*TASK ITEM:* Of all the entries below, retype only the lines from the one with "Paper Dash Game" through the one with "The tools and", exactly as they appear.
START DATA SHOWN
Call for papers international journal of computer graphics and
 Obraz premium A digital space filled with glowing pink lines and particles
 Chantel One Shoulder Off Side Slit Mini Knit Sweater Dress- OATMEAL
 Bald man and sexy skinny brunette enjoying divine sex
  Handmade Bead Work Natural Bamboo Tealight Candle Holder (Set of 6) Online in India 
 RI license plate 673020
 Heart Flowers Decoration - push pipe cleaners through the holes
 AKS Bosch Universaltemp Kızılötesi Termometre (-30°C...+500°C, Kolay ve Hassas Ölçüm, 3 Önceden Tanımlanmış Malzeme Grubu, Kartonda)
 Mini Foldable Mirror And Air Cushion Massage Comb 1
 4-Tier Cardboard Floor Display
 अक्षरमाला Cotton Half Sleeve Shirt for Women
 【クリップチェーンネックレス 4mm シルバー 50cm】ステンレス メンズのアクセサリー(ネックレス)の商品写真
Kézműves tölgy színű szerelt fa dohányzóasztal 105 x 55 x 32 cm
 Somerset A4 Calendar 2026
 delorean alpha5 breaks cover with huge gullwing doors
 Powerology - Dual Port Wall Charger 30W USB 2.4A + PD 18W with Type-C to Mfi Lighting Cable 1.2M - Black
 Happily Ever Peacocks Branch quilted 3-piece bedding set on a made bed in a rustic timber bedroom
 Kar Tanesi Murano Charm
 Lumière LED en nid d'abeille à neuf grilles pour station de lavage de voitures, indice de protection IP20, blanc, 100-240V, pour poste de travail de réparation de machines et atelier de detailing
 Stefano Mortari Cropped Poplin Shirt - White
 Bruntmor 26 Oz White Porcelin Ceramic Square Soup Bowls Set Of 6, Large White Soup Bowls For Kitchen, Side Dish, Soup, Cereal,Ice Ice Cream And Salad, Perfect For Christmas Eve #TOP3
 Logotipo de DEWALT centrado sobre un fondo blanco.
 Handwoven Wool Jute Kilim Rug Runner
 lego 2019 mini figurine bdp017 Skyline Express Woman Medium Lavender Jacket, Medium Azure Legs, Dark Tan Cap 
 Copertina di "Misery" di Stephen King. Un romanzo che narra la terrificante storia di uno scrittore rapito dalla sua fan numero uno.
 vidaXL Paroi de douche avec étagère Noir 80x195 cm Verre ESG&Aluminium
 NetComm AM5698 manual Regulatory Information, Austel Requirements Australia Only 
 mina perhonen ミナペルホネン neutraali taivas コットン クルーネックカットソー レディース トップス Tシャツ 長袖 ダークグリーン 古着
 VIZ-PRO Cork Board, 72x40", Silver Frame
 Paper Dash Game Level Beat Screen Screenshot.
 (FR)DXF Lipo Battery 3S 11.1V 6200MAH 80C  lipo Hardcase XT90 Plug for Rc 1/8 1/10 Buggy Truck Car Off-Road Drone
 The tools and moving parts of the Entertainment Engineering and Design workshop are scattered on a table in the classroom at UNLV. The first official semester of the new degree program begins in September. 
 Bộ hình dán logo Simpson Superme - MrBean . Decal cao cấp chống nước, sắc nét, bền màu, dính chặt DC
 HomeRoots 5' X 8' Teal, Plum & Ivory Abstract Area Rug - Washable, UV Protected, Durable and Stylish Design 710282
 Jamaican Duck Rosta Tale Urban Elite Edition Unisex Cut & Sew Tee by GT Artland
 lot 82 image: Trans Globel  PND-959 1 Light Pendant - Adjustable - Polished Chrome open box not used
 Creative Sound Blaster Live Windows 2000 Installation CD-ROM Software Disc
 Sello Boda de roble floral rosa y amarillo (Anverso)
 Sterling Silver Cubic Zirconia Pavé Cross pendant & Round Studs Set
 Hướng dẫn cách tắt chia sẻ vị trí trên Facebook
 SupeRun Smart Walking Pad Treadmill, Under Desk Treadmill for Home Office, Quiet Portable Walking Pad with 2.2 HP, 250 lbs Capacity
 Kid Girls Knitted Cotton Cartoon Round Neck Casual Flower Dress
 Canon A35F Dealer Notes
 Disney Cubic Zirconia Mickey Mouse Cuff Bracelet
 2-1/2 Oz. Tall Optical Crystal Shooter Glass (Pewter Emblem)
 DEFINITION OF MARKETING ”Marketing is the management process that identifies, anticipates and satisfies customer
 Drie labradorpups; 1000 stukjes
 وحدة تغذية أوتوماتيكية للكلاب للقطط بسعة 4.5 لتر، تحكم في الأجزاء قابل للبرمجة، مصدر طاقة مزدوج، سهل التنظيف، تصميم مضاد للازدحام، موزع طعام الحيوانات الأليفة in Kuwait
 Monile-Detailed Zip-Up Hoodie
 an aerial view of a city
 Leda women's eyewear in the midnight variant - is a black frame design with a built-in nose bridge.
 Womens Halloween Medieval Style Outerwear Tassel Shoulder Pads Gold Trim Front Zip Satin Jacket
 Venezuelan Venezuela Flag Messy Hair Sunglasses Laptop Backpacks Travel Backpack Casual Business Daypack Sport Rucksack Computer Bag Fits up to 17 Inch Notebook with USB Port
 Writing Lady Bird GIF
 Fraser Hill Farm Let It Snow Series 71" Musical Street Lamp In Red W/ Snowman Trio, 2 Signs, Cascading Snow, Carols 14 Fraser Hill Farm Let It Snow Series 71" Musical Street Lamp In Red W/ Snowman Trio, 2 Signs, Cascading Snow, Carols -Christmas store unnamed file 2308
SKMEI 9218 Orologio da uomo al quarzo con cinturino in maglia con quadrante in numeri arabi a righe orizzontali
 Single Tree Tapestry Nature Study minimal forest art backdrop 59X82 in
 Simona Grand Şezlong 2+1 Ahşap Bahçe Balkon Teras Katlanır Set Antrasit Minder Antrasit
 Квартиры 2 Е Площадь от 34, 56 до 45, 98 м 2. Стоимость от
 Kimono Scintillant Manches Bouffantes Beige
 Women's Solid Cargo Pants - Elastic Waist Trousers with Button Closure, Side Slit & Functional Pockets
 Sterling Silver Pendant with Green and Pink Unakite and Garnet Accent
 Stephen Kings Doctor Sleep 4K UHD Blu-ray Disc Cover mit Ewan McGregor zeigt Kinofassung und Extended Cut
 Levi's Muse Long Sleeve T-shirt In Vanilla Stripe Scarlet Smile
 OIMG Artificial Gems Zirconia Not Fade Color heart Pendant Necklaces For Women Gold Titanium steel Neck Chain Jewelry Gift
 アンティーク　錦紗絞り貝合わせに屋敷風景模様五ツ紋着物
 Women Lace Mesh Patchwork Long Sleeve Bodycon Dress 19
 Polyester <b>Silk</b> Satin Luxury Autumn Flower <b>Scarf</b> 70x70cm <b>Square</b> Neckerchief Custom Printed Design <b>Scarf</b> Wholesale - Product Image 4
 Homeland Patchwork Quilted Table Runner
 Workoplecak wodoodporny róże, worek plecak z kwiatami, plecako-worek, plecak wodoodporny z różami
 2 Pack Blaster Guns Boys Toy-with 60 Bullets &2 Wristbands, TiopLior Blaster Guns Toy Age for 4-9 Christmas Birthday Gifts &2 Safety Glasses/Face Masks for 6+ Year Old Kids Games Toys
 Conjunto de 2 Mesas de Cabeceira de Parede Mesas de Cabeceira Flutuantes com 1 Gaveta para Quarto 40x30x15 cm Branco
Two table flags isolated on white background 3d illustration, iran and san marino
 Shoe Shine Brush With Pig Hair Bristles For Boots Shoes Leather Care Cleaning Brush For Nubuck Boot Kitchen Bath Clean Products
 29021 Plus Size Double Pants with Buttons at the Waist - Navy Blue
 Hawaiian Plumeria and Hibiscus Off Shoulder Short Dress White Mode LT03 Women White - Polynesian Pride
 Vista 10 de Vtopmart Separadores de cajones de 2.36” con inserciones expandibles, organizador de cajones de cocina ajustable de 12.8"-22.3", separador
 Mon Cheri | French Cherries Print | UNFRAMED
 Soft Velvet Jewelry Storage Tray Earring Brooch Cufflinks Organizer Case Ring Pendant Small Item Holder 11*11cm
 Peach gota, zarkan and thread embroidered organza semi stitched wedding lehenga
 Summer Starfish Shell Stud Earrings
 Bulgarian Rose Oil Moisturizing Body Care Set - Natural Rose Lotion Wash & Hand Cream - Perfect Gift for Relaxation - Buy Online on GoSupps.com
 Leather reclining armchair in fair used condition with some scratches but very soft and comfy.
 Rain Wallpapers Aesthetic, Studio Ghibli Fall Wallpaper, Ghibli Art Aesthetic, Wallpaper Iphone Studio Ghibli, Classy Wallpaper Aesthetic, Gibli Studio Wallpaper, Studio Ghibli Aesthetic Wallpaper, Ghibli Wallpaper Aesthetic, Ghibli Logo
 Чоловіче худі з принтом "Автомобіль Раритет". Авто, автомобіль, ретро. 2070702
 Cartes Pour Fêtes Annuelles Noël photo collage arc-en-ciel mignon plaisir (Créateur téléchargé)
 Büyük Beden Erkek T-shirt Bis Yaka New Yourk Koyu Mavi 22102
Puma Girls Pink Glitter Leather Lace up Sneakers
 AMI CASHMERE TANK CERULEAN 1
END DATA SHOWN
*SOLUTION TO THIS TASK:*
 Paper Dash Game Level Beat Screen Screenshot.
 (FR)DXF Lipo Battery 3S 11.1V 6200MAH 80C  lipo Hardcase XT90 Plug for Rc 1/8 1/10 Buggy Truck Car Off-Road Drone
 The tools and moving parts of the Entertainment Engineering and Design workshop are scattered on a table in the classroom at UNLV. The first official semester of the new degree program begins in September. 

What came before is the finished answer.